_What to produce_
All lines with the word "Photo" in the material below are required.

_Records shown_
***

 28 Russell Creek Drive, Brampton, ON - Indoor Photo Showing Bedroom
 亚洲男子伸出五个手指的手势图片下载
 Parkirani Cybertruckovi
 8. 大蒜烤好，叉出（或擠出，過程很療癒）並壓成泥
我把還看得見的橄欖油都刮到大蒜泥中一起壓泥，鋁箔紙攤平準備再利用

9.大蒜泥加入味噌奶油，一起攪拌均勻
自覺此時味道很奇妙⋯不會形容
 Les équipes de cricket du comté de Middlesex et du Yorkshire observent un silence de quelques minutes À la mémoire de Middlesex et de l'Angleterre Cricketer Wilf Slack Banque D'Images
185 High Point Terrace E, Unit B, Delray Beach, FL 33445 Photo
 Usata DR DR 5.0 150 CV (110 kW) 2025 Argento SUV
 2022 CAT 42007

***

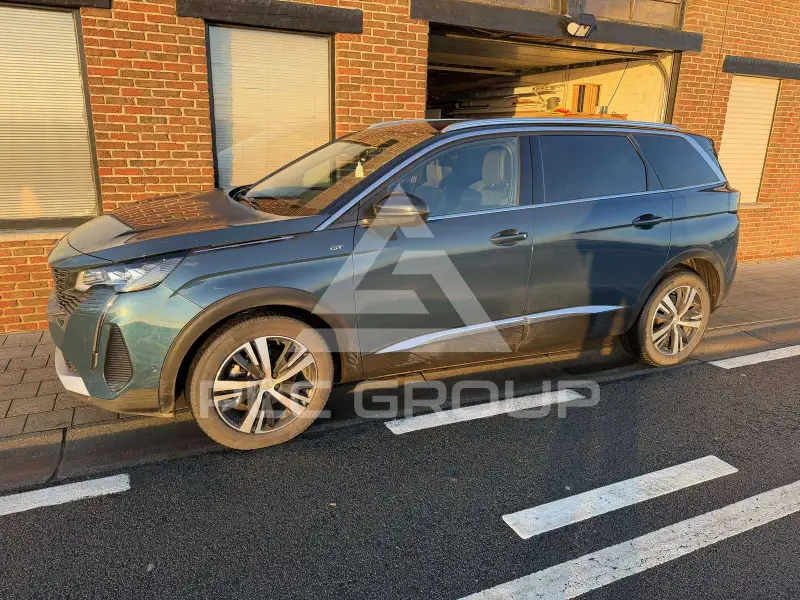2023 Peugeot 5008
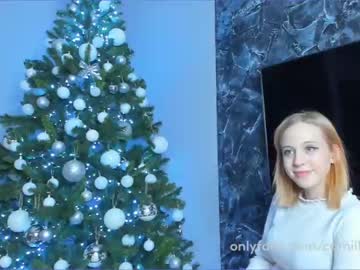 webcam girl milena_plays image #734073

***

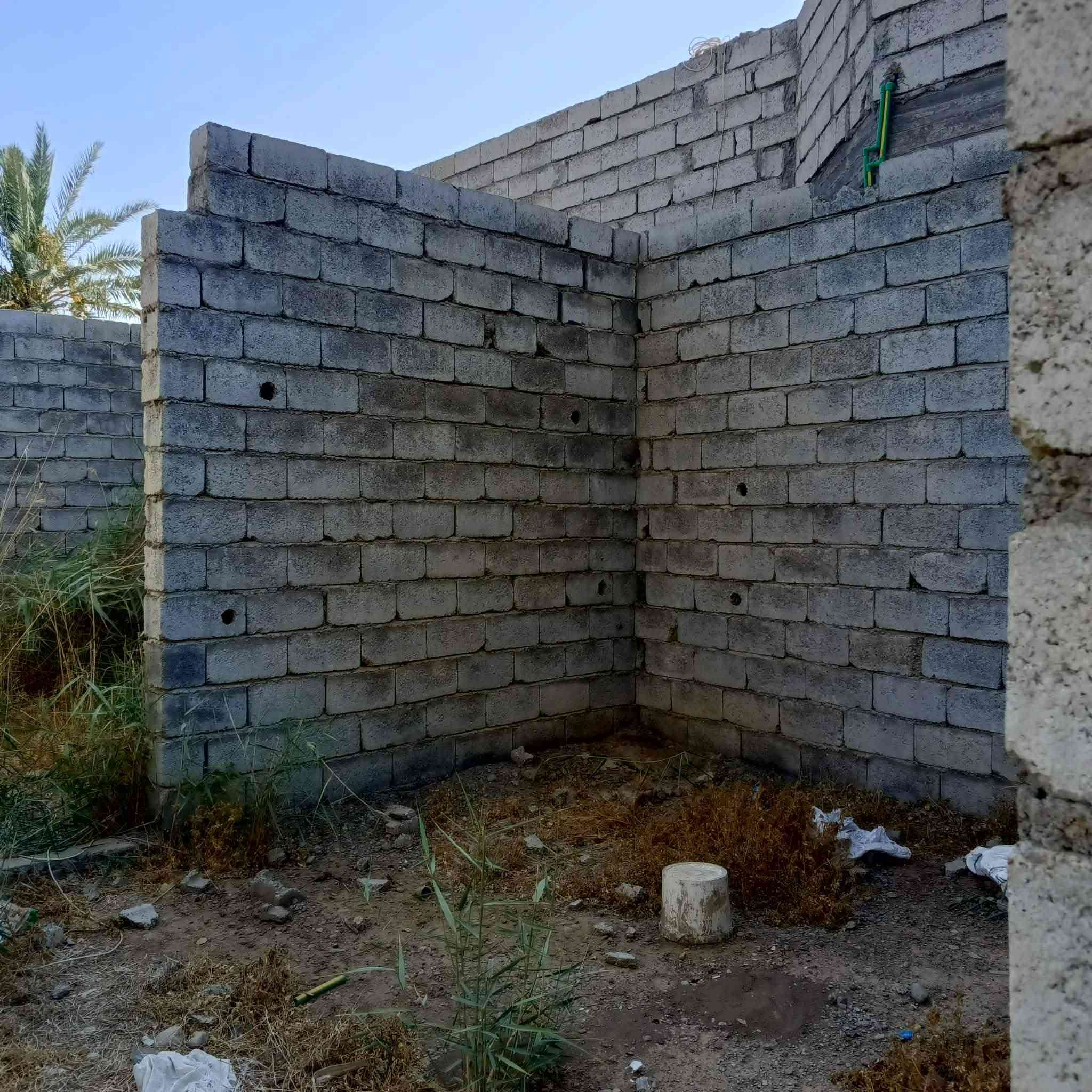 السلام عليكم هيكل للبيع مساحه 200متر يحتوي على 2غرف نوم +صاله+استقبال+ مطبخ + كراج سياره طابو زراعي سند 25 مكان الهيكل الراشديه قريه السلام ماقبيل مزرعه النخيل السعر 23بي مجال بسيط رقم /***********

***

_Solution to the problem_
 28 Russell Creek Drive, Brampton, ON - Indoor Photo Showing Bedroom
185 High Point Terrace E, Unit B, Delray Beach, FL 33445 Photo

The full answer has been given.